Die Fischer vom Inle See


Die Fischer vom Inle See

In Myanmar bieten sich viele Ziele für eine erlebnisreiche Rundreise an, bei der die kulturelle Historie des Landes und die beeindruckende Naturkulisse erlebt werden kann. Ein Tipp für jeden Urlauber ist ein Ausflug zum Inle See, der zentral im Land nahe der Stadt Taunggyi liegt.

Der See ist für die Bewohner nicht nur ein Binnengewässer, das ihnen Nahrung liefert, sondern auch ihre Heimat. Die Menschen leben in schwimmenden Häusern mit Gärten, die sich über weite Teile des Inle Sees erstrecken.
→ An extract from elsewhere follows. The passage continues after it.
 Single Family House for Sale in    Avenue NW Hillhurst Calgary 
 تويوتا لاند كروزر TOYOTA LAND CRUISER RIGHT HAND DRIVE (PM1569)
Den Fischern auf dem Inle See bei ihrer einzigartigen Arbeit zuschauen

Die Siedlungsgebiete nahe dem See haben sich über die Ufer hinaus bis hinein in das Gewässer entwickelt. Ihre Häuser bauen die Bewohner am Inle See auf Pfählen, die ganze Dörfer bilden und mit dem Boot erreicht werden können. Rund 200 Dörfer befinden sich auf dem Inle See, der eine Länge von 22 Kilometern hat und 10 Kilometer breit ist. Zu den Gebäuden gehören neben Wohnhäusern außerdem auch Klöster, die wegen ihrer landestypischen Architektur als sehenswert gelten. Der See hat eine besondere Bedeutung für die Menschen, da er ihnen Nahrung liefert und ihr Einkommen durch den Fischfang sichert. Reisende können daher am Inle See vor allem die Fischer beobachten, die eine eigene Technik beim Rudern einsetzen. Die Fischer benutzen nicht ihre Arme zum Vorankommen mit dem Boot, sondern ihre Beine. Dadurch haben sie ihre Hände frei, um mit der Reuse die Fische im See zu fangen. Diese Rudertechnik ist einzigartig weltweit und kann nur am Inle See entdeckt werden. Die Fischer werden auch Einbeinruderer genannt, da sie mit einem Bein rudern, während sie mit dem anderen sicher auf dem Boot stehen. In ihren Händen halten sie die Reuse, die sie bei Bewegungen im Wasser mit einer gekonnten Bewegung an der Stelle hineintauchen und die Fische vom wegschwimmen hindern. Diese Rudertechnik fordert den Fischern einiges an Gleichgewichtskünsten ab, um stets die Balance zu halten und nicht ins Wasser zu fallen.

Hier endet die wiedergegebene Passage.